WHAT TO PRODUCE>
The expected output is the first line of the data below and every line after it, up to and including the line containing "Courtyard By Marriott", each reproduced exactly.

START DATASET EXCERPTS

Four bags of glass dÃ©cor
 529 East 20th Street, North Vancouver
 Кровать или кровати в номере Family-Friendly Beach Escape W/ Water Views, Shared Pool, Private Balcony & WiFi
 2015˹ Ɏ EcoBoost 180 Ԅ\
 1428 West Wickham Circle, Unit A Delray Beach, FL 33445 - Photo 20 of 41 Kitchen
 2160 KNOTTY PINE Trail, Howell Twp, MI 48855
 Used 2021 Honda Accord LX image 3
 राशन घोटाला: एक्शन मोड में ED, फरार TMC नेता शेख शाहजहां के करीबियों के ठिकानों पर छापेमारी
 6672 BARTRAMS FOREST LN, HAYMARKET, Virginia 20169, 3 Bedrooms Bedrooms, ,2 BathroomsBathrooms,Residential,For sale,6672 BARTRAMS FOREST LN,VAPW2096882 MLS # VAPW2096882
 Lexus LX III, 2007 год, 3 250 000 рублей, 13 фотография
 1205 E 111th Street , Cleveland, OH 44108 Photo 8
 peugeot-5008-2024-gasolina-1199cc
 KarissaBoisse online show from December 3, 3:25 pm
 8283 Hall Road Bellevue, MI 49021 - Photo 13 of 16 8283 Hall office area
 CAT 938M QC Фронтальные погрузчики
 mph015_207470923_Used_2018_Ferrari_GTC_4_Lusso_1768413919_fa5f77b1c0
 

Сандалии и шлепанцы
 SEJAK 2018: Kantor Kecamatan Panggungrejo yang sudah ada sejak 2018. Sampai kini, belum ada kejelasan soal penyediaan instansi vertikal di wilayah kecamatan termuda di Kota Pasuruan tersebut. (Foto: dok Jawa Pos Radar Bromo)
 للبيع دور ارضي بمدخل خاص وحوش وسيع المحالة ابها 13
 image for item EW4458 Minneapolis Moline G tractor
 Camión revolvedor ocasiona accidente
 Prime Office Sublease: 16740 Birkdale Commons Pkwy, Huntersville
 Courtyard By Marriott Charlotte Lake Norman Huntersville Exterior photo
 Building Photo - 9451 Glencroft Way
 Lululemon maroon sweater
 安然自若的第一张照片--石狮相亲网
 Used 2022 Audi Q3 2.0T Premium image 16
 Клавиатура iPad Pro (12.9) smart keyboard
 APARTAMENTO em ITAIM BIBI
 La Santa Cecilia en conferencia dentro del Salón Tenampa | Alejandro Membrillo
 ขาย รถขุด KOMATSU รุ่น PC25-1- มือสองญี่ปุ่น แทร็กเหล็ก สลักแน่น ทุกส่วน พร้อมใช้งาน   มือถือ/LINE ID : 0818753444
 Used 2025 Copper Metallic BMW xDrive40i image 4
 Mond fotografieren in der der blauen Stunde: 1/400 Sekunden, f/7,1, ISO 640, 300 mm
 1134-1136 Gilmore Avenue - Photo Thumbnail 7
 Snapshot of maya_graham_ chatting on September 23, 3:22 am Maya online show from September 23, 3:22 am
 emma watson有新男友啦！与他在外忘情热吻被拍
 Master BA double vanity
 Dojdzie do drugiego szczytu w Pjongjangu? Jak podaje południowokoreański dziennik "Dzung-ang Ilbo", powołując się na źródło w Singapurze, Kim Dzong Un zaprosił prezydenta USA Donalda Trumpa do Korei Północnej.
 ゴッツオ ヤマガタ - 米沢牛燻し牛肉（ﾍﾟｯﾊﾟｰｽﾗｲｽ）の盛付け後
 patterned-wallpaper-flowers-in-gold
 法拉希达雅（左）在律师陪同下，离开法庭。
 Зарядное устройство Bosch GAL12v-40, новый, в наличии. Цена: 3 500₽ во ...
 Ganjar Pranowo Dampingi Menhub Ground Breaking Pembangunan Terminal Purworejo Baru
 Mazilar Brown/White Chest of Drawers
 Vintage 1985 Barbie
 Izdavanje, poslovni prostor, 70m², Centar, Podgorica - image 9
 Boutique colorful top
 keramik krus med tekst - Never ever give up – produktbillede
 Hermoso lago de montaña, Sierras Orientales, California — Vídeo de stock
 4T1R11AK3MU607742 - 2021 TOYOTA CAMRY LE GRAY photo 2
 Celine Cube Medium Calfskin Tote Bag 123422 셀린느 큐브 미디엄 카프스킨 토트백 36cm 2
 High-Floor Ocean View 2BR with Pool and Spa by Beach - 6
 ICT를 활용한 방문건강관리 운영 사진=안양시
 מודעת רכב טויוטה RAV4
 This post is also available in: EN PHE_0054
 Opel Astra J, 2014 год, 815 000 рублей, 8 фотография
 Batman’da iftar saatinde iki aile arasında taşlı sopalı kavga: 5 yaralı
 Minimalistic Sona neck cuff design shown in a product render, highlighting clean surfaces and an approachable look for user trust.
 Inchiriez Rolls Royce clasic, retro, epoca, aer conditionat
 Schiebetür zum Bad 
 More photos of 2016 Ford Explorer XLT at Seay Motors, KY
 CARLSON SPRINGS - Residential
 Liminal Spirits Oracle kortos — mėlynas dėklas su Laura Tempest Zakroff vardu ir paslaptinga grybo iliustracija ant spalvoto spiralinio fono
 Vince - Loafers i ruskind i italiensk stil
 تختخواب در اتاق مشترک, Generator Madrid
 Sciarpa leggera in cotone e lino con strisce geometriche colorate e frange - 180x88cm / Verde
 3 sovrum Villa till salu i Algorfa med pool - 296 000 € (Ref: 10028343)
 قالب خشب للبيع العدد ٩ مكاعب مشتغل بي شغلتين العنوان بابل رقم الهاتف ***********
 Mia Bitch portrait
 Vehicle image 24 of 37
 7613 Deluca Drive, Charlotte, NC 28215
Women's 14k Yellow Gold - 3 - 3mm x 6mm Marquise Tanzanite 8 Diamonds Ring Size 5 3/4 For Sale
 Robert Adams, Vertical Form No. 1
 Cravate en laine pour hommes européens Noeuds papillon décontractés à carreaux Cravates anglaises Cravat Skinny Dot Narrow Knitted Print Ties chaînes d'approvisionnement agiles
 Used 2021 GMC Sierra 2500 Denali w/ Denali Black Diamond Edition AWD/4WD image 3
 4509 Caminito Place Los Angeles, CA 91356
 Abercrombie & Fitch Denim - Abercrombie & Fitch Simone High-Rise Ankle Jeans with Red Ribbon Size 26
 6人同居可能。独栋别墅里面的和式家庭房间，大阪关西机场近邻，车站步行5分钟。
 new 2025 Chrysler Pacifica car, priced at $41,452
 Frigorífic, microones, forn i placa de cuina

END DATASET EXCERPTS

EXERCISE RESPONSE>
Four bags of glass dÃ©cor
 529 East 20th Street, North Vancouver
 Кровать или кровати в номере Family-Friendly Beach Escape W/ Water Views, Shared Pool, Private Balcony & WiFi
 2015˹ Ɏ EcoBoost 180 Ԅ\
 1428 West Wickham Circle, Unit A Delray Beach, FL 33445 - Photo 20 of 41 Kitchen
 2160 KNOTTY PINE Trail, Howell Twp, MI 48855
 Used 2021 Honda Accord LX image 3
 राशन घोटाला: एक्शन मोड में ED, फरार TMC नेता शेख शाहजहां के करीबियों के ठिकानों पर छापेमारी
 6672 BARTRAMS FOREST LN, HAYMARKET, Virginia 20169, 3 Bedrooms Bedrooms, ,2 BathroomsBathrooms,Residential,For sale,6672 BARTRAMS FOREST LN,VAPW2096882 MLS # VAPW2096882
 Lexus LX III, 2007 год, 3 250 000 рублей, 13 фотография
 1205 E 111th Street , Cleveland, OH 44108 Photo 8
 peugeot-5008-2024-gasolina-1199cc
 KarissaBoisse online show from December 3, 3:25 pm
 8283 Hall Road Bellevue, MI 49021 - Photo 13 of 16 8283 Hall office area
 CAT 938M QC Фронтальные погрузчики
 mph015_207470923_Used_2018_Ferrari_GTC_4_Lusso_1768413919_fa5f77b1c0
 

Сандалии и шлепанцы
 SEJAK 2018: Kantor Kecamatan Panggungrejo yang sudah ada sejak 2018. Sampai kini, belum ada kejelasan soal penyediaan instansi vertikal di wilayah kecamatan termuda di Kota Pasuruan tersebut. (Foto: dok Jawa Pos Radar Bromo)
 للبيع دور ارضي بمدخل خاص وحوش وسيع المحالة ابها 13
 image for item EW4458 Minneapolis Moline G tractor
 Camión revolvedor ocasiona accidente
 Prime Office Sublease: 16740 Birkdale Commons Pkwy, Huntersville
 Courtyard By Marriott Charlotte Lake Norman Huntersville Exterior photo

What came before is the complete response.